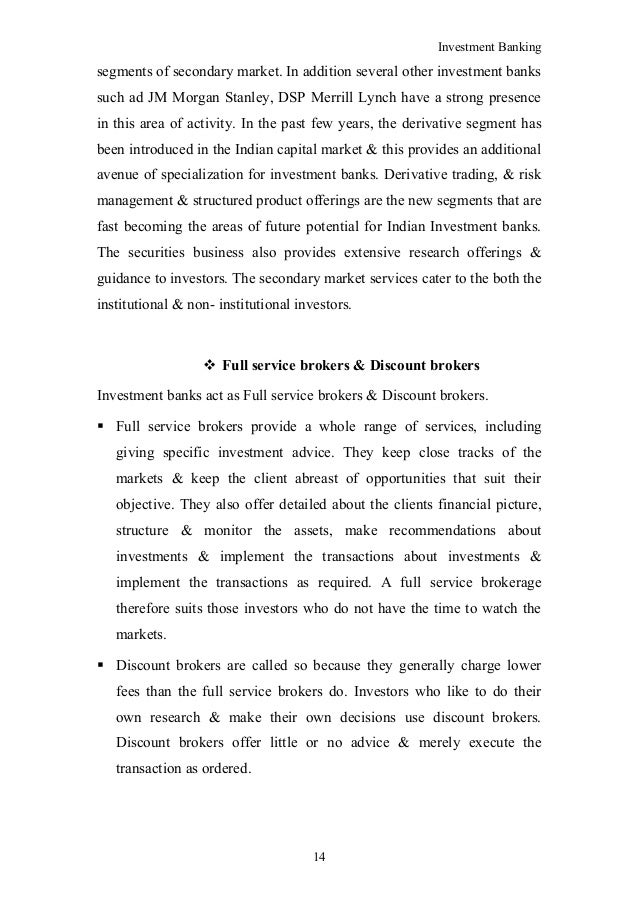 Investment Banking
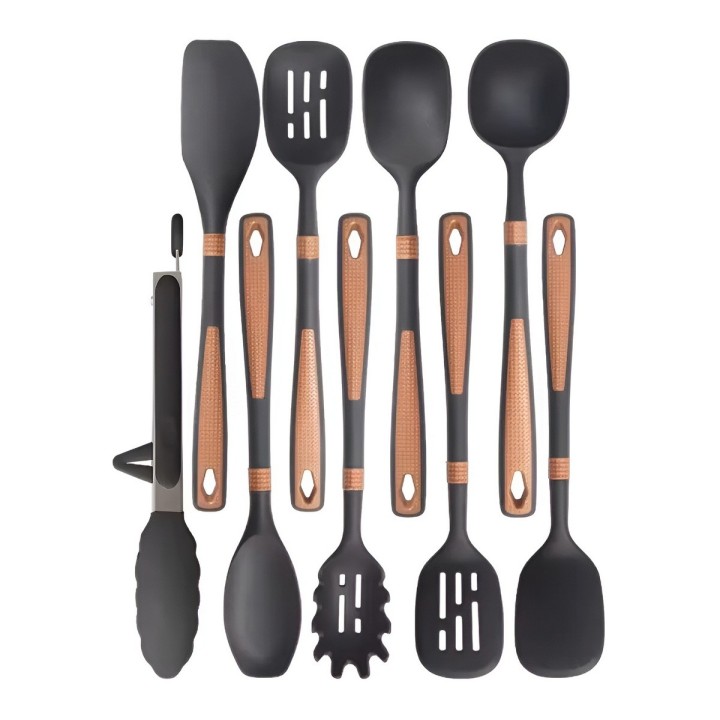 Set Juego Utensilios De Cocina Silicona Antiadherente 14 Pcs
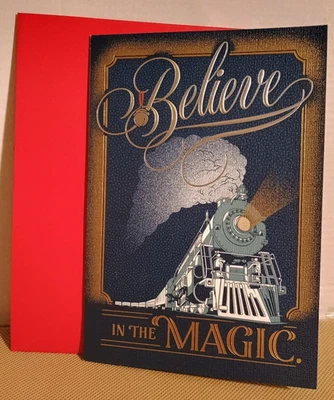 NEW Hallmark "The Polar Express" Movie - Christmas Card "Believe in the Magic"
----
▶ _EXERCISE GOAL_:
Transcribe the whole listing above exactly and leave out the pictures.

▶ _RESULT BELOW_:
 Investment Banking
 Set Juego Utensilios De Cocina Silicona Antiadherente 14 Pcs
 NEW Hallmark "The Polar Express" Movie - Christmas Card "Believe in the Magic"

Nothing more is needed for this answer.